● **What to work on**: Down to the last word, output the records below, skipping any images.

● **Input material**:
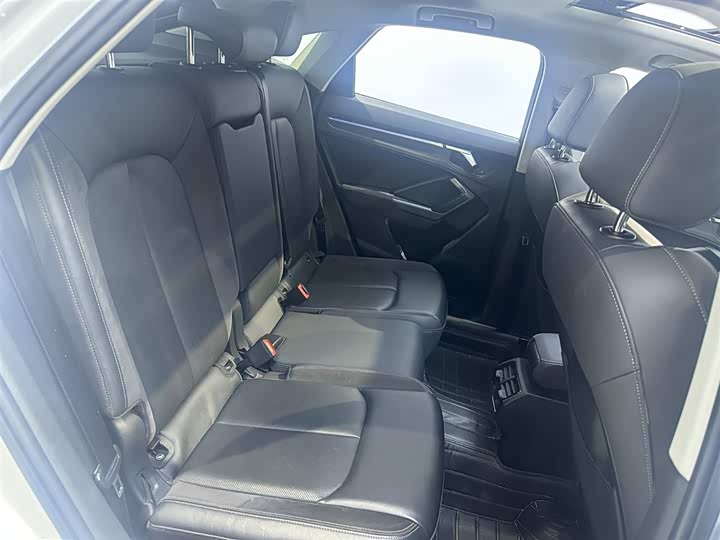 Фото 8 - Audi Q3 Sportback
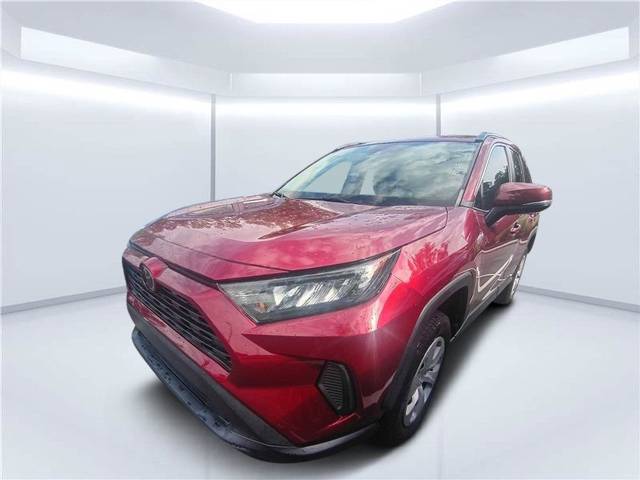 2020 Toyota RAV4 LE FWD photo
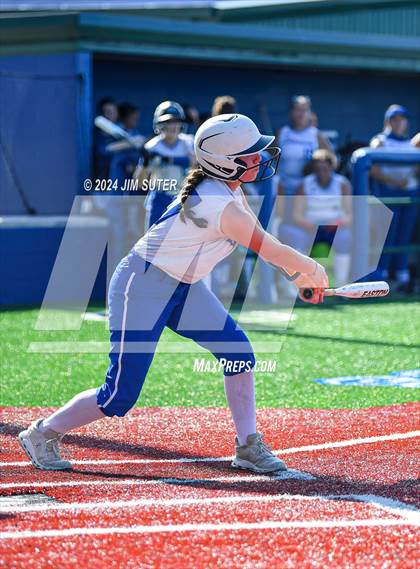 Thumbnail 3 in Slocum vs Moulton (UIL 1A Regional Final) Game 1 photogallery.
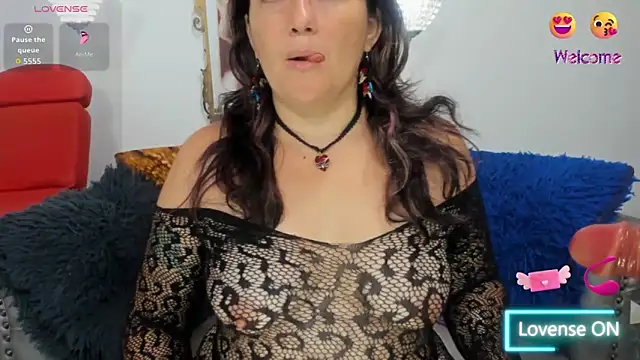 Snapshot of naughty_milf_esmeralda chatting on 04-26-26, 02:42 naughty milf esmeralda online show from 04-26-26, 02:42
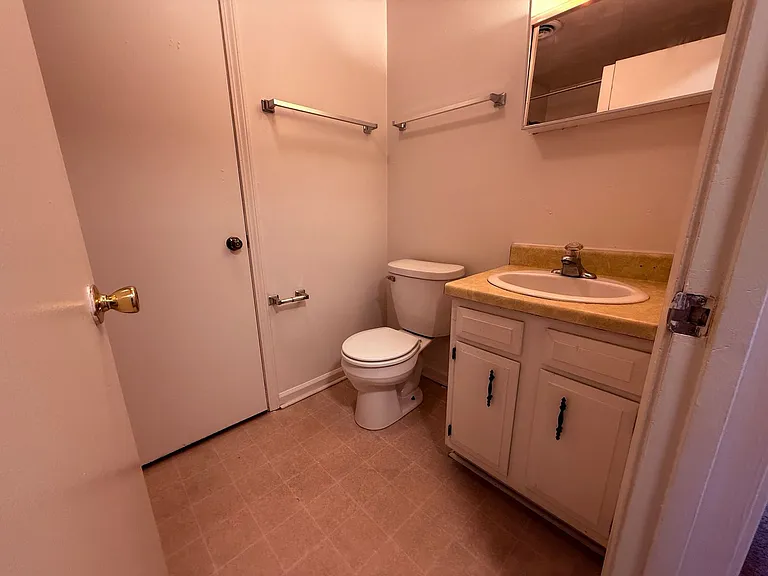 1407 Toms Creek Rd #15 — Photo 13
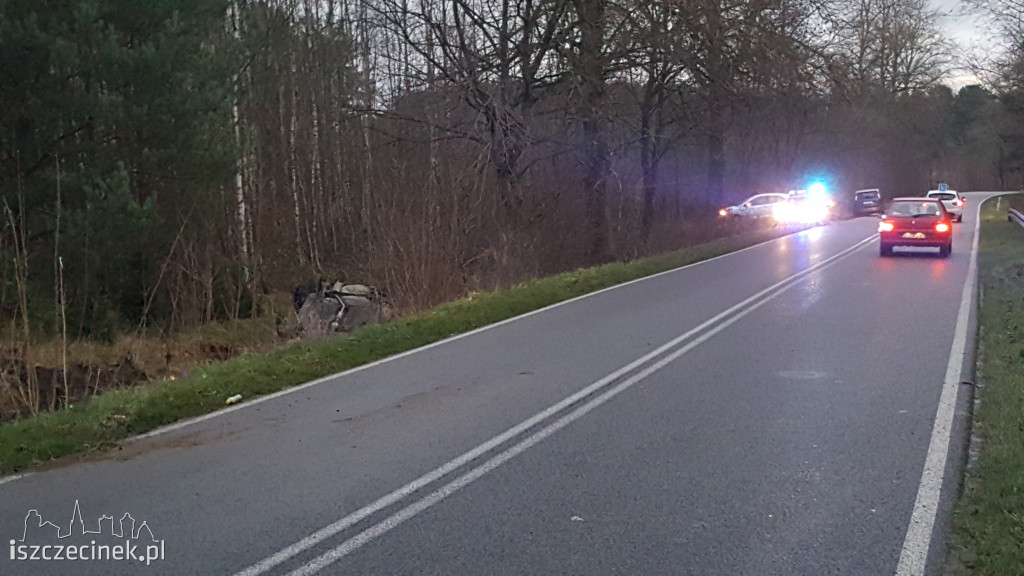 Kolejne dachowanie. Niebezpiecznie na drogach w regionie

● **Reply to the exercise**:
 Фото 8 - Audi Q3 Sportback
 2020 Toyota RAV4 LE FWD photo
 Thumbnail 3 in Slocum vs Moulton (UIL 1A Regional Final) Game 1 photogallery.
 Snapshot of naughty_milf_esmeralda chatting on 04-26-26, 02:42 naughty milf esmeralda online show from 04-26-26, 02:42
 1407 Toms Creek Rd #15 — Photo 13
 Kolejne dachowanie. Niebezpiecznie na drogach w regionie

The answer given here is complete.